The family would have none of it. We managed to stabilize the patient. They got the standard trach/peg combo. The doctors continued to speak with the family about the quality of life and the family continued to hold out hope. The patient ultimately managed to be transferred out of the hospital into a long term care facility. We were pretty much under the impression that they would just waste away in a nursing home, with no improvement in neuro status.

The patient came back to visit us, along with the family. The patient still has noticeable deficits but was able to fully communicate and even thanked us for our care. We had given up but they didn’t.

dont give up

More recently, our unit had a very sick vascular patient that coded during their surgery. The OR team got them back and immediately brought them to our unit (STICU). They coded again, the second code was worked for an extended period of time and then the team called it. They died. And then they decided death wasn’t really for them and their heart started beating again… spontaneously… after the code was called… while the team were having a moment of silence for the patient.

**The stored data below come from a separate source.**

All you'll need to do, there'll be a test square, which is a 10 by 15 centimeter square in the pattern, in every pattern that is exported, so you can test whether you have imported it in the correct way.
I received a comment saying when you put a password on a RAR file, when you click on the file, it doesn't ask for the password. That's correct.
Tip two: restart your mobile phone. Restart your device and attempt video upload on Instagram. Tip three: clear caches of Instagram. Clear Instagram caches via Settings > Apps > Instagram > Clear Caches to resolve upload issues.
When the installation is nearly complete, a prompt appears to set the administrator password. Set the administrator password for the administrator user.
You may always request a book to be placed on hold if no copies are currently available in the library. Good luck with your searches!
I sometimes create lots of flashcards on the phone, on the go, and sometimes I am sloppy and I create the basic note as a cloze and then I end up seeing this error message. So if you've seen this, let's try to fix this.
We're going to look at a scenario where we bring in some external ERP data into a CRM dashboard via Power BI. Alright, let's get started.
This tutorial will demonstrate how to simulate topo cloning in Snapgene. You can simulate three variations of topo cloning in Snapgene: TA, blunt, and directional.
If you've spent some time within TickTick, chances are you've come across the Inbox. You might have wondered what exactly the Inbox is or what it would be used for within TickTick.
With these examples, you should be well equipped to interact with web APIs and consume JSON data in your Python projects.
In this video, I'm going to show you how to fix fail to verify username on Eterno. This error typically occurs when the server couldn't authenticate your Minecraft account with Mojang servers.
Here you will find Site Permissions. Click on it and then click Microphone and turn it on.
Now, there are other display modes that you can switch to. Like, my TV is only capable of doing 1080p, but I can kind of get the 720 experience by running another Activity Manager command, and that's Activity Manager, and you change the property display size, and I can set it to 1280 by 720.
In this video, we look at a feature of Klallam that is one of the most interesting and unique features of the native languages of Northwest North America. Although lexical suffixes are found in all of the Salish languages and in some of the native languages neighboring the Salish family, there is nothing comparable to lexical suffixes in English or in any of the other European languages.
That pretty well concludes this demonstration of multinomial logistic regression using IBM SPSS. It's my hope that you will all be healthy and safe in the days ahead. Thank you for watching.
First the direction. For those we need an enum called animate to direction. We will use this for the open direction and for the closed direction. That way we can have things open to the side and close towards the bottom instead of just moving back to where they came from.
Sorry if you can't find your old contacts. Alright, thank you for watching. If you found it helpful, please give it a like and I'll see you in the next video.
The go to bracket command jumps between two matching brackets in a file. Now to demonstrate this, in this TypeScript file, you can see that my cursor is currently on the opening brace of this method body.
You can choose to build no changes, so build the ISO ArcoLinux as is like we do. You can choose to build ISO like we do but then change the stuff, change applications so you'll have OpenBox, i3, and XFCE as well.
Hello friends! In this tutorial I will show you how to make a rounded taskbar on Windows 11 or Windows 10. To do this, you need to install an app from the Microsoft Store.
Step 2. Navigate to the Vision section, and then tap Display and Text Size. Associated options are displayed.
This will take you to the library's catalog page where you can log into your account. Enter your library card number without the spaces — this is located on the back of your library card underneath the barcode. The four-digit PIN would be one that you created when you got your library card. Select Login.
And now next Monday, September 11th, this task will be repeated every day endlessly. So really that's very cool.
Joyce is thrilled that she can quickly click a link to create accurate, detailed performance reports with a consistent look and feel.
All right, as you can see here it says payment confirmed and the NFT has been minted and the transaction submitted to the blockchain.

The medical team spoke with the family and let them know that even though the heart is beating, the patient has been “down” for an extended period of time and neurologically there is probably nothing there. The family decides it’s in the patient’s best interest to make the patient a DNR. The family begins saying their goodbyes and leave in expectation that the patient would probably code again within the next few days. Everyone is pretty much preparing for this patient’s end of life…

gointothelight

Except the patient…

That night, they opened their eyes to painful stimuli. Then it turned into opening eyes to name but no purposeful movement by the next day. By the third day or so they just woke the fuck up and tried to self extubate! All of us were pretty much like:

heart attack

They were completely alert, oriented, and by the end of the shift able to write questions on a piece of paper. Needless to say we were all kinds of confused, surprised, and impressed. We ended up nicknaming the patient “Lazarus”. Are we going to Hell? Yes. We are all well aware. I have a time share there.

The patient had a rough course. They were intubated, extubated, and reintubated multiple times before finally being trached and pegged. However, as I am typing this they are alive and are being prepped for long term acute care out on the floor. That’s right, the patient that we basically pronounced dead is instead going to LTACH soon.

These moments have taught me that it is not over until the patient decides it’s over. It has also taught me that maybe I shouldn’t give up so easily. My miracle patients are showing me there are still some things that we in medicine don’t understand. We don’t know it all. I am glad for that.